====== Data for review ======
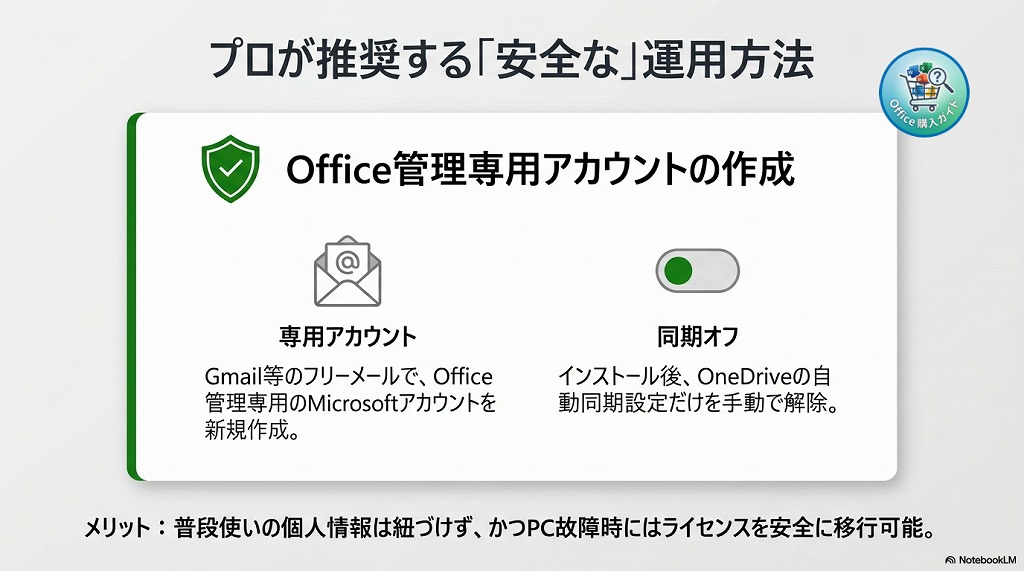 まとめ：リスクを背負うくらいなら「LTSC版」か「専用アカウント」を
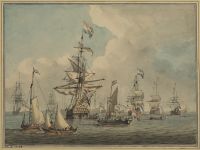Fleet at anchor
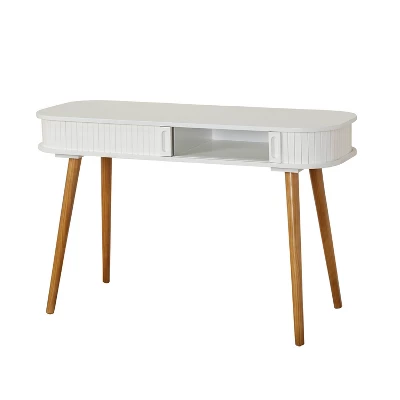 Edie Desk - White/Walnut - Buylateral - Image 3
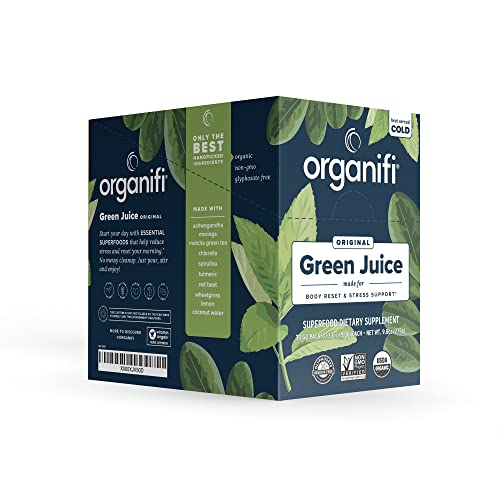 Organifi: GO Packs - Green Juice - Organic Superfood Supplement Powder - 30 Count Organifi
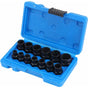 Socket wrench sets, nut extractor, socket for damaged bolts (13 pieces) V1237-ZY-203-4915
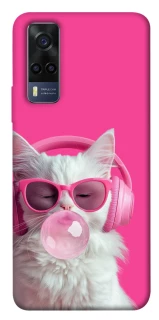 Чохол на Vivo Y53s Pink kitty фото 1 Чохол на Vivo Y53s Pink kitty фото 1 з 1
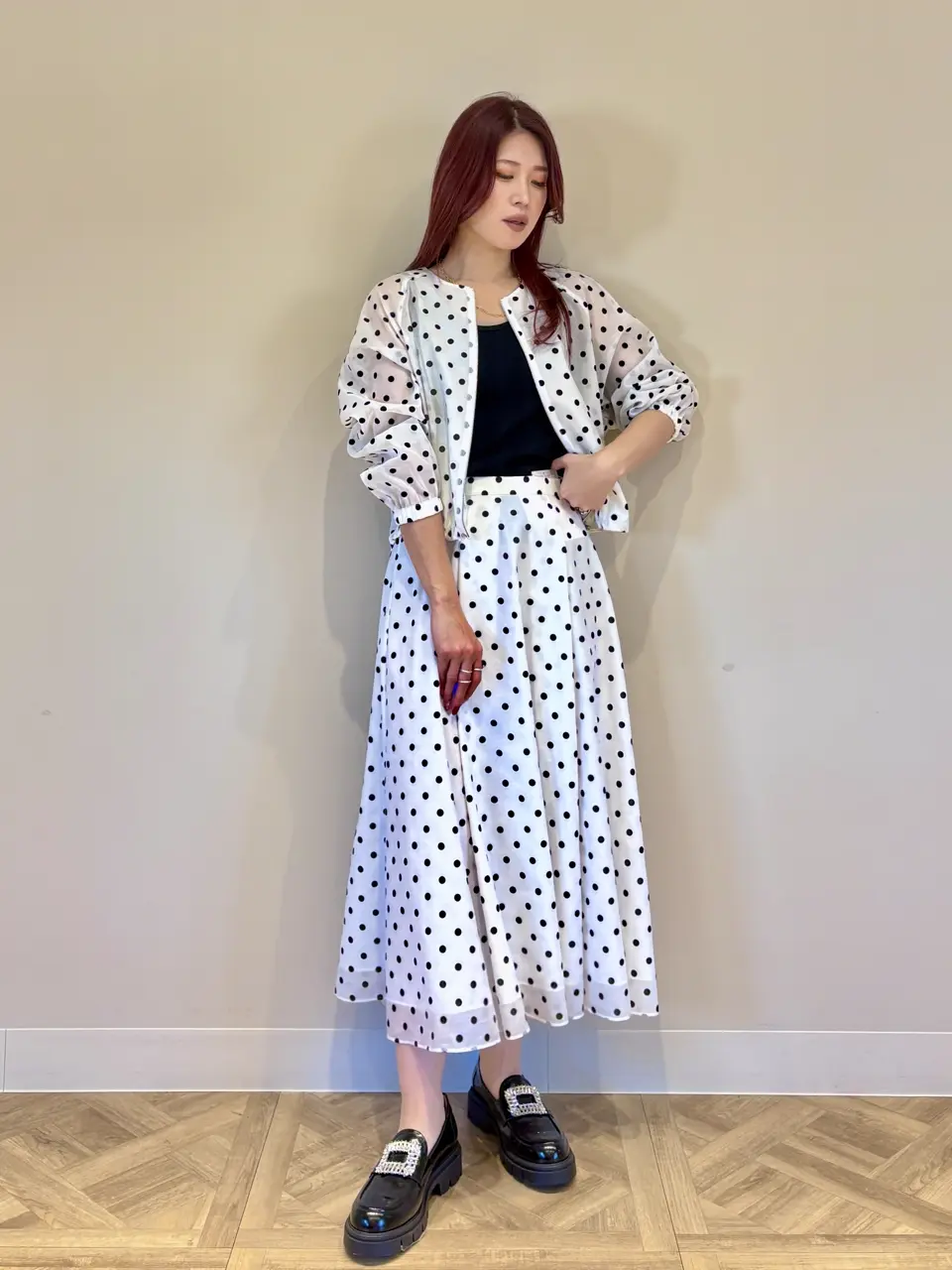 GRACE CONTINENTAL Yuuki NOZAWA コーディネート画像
======
Output the complete listing exactly. Pictures stay out.

**Expected output**
 まとめ：リスクを背負うくらいなら「LTSC版」か「専用アカウント」を
Fleet at anchor
 Edie Desk - White/Walnut - Buylateral - Image 3
 Organifi: GO Packs - Green Juice - Organic Superfood Supplement Powder - 30 Count Organifi
 Socket wrench sets, nut extractor, socket for damaged bolts (13 pieces) V1237-ZY-203-4915
 Чохол на Vivo Y53s Pink kitty фото 1 Чохол на Vivo Y53s Pink kitty фото 1 з 1
 GRACE CONTINENTAL Yuuki NOZAWA コーディネート画像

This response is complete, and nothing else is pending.